Michael, ubbidiente, tese le braccia offrendo i polsi. «Soltanto per gioco», ripeté, ridendo.
«Vedrai che bello», continuò Andrew, con la voce impastata. «Mi sento già pronto. Ci sono quasi.»
«No, questo non è niente. Aspetta e vedrai», gli disse Michael.
Successe talmente in fretta che quasi non sembrava possibile. Improvvisamente Michael chiuse le manette intorno ai polsi di Andrew e lo sbatté sul tappeto, immobilizzandolo. Con l'aiuto di William, lo imbavagliò con altri foulard di seta. Agirono in fretta: lo spogliarono e gli legarono anche le caviglie.
«Fidati di noi, Andrew. Vedrai che bello. Non te lo immagini nemmeno», bisbigliò William. E osservò il fratello che gli mordeva il collo. Un piccolo assaggio. Soltanto un sorso. Un delizioso aperitivo.
Gli splendidi occhi di Andrew Cotton si riempirono di panico e confusione. Uno spettacolo impagabile. Sapeva che stava per morire. Sapeva che la morte era vicina, vicinissima.

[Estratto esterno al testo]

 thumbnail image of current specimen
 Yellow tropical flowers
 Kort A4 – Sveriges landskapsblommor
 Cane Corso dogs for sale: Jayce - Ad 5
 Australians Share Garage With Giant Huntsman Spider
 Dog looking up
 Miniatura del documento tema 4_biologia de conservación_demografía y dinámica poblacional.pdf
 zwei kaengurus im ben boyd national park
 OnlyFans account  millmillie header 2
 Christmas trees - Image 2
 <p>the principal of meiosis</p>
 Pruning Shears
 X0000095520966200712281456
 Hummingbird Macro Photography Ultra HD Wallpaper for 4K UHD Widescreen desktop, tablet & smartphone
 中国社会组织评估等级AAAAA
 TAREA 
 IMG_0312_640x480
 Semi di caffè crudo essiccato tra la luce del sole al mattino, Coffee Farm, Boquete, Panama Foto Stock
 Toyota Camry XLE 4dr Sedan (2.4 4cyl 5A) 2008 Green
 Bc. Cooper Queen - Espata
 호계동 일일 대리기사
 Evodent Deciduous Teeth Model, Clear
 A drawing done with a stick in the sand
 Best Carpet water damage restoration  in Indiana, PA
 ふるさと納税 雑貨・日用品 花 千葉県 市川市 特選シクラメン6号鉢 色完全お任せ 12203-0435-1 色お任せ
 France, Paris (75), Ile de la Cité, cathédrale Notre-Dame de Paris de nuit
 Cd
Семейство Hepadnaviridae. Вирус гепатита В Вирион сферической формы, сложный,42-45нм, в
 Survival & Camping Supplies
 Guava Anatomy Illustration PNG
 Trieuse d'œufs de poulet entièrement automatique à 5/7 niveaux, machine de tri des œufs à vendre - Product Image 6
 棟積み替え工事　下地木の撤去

Dara non vedeva quello che stava succedendo per terra. «Scusate, ma cosa state facendo voi tre? Ve la spassate? Vi state inchiappettando? Mi sento trascurata. Qualcuno venga da me.»
William le si avvicinò, con il membro turgido e pulsante, il ventre piattissimo, un sorriso ammaliante, irresistibile, sulle labbra.
«Ecco il diavolo tentatore», disse.
«Baciami, diavolo», gli sussurrò Dara, sbattendo le ciglia. «Scopami. Lascia perdere Andrew e Michael. Non sarai innamorato di tuo fratello, vero?»
«Chi non lo sarebbe?» domandò William.
Le si inginocchiò fra le gambe e si abbassò piano piano su di lei, abbracciandola. Tutto a un tratto Dara prese a tremare. Aveva capito, pur senza rendersene conto. Come molte delle vittime di William, uomini e donne, preferiva morire senza sapere che cosa aveva voluto dalla vita. William sapeva che lei si vedeva riflessa nei suoi occhi azzurri e si rendeva conto di non essere mai stata più desiderabile.
E infatti lui la desiderava. La voleva più di qualsiasi altra cosa al mondo, in quel momento. Sentiva il suo odore di carne, di sapone, di profumo. Sentiva il sangue che le scorreva nelle vene. Le leccò dolcemente un orecchio, sapendo che Dara lo sentiva dentro. Era impossibile, ma era come se la lingua di William l'avesse sfiorata nell'intimo.
A un certo punto, Michael depositò Andrew sul grande letto. C'era posto per tutti. Andrew era legato con i foulard e le manette e aveva un segno rosso sul collo. E un rivolo di sangue sul petto. Era già morto.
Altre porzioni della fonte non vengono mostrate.